HC301H - “Build My Gallows High”: Written and Cinematic Noir (W25)

Professor: Ulrick Casimir

credits 4.00

  • CRN 22654: Monday & Wednesday, 4:00-5:20pm @ CHA 202

Mystery editor Otto Penzler once described noir as something that is “virtually impossible to define, but everyone thinks they know it when they see it.”  Situated at a crossroads of visual and print media—sped along by the consequences of one war, and solidified by observations made as another war ended—noir is a signifier that seems meant to avoid being pinned down.  We do know that noir is generally grounded in big themes:  class, gender, race, corruption, alienation, subjectivity, and free will, to name a few.  Focused on narrative fiction as well as visual media (a number of paintings, but mostly film), this section of HC 301H examines ""noir"" as often used to describe both writing and film.  Over the term, we will work together to flesh out the historical, cultural, and critical contexts/frameworks necessary to unpack ""noir""; we will also examine why noir continues to appeal to writers, readers, film-goers, and gamers today.

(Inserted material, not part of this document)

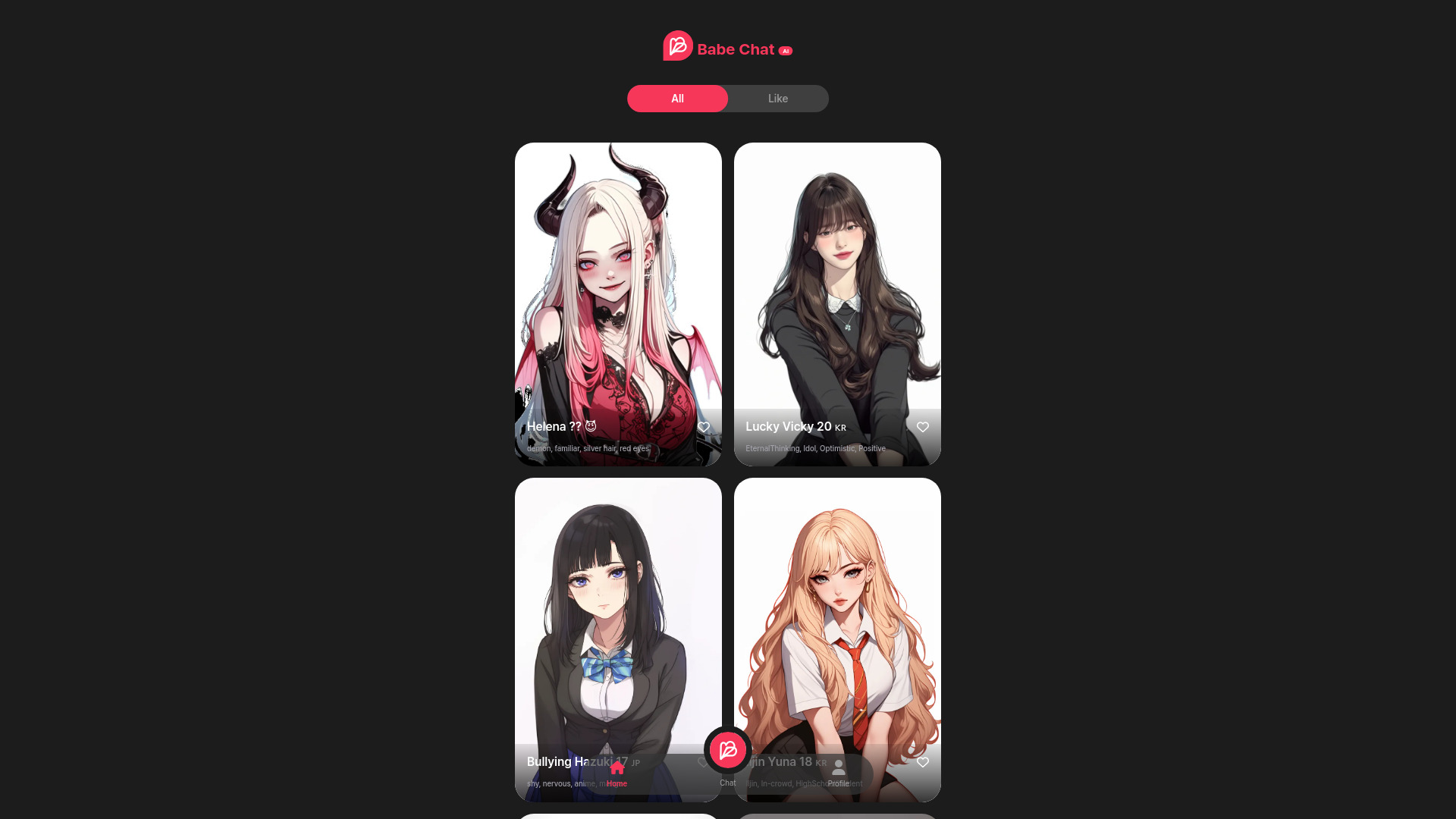 BabeChat AI screenshot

Readings span the 20th & 21st centuries.  Primary written texts include three brief novels or novellas by such authors as James M. Cain (The Postman Always Rings Twice), Raymond Chandler (The Big Sleep), and Megan Abbott (Queenpin), as well as short stories by James Ellroy, David Goodis, Cornell Woolrich, Lawrence Block, Hughes Allison, and Joe Gores.  Films include F. W. Murnau’s Sunrise (1924), Jacques Torneur’s Out of the Past (1947), Byron Haskin’s Too Late for Tears (1949), Robert Wise's The Set-Up (1949), Roman Polanski’s Chinatown (1974), Ridley Scott's Blade Runner (1981), David Lynch’s Mulholland Drive ( 2001), Nicolas Refn’s Drive (2011), Andrew Dominik’s Killing Them Softly (2012), and Denis Villeneuve's Blade Runner 2049 (2019). Secondary texts include short essays (Abbott, Chandler, Paul Schrader, Karen Hollinger) selected to help contextualize the readings and films, as well as a few brief selections from longer pieces (Peter Selz, Alain Silver et. al., Richard Taylor, Émile Durkheim) that are broadly germane to the theme and approach of the course.  A significant amount of the secondary reading in this course will be material that students discover through guided research.  Coursework includes one group presentation per student, four research-project reports, a research-project proposal, an annotated bibliography, and a term paper of 10-12 pages.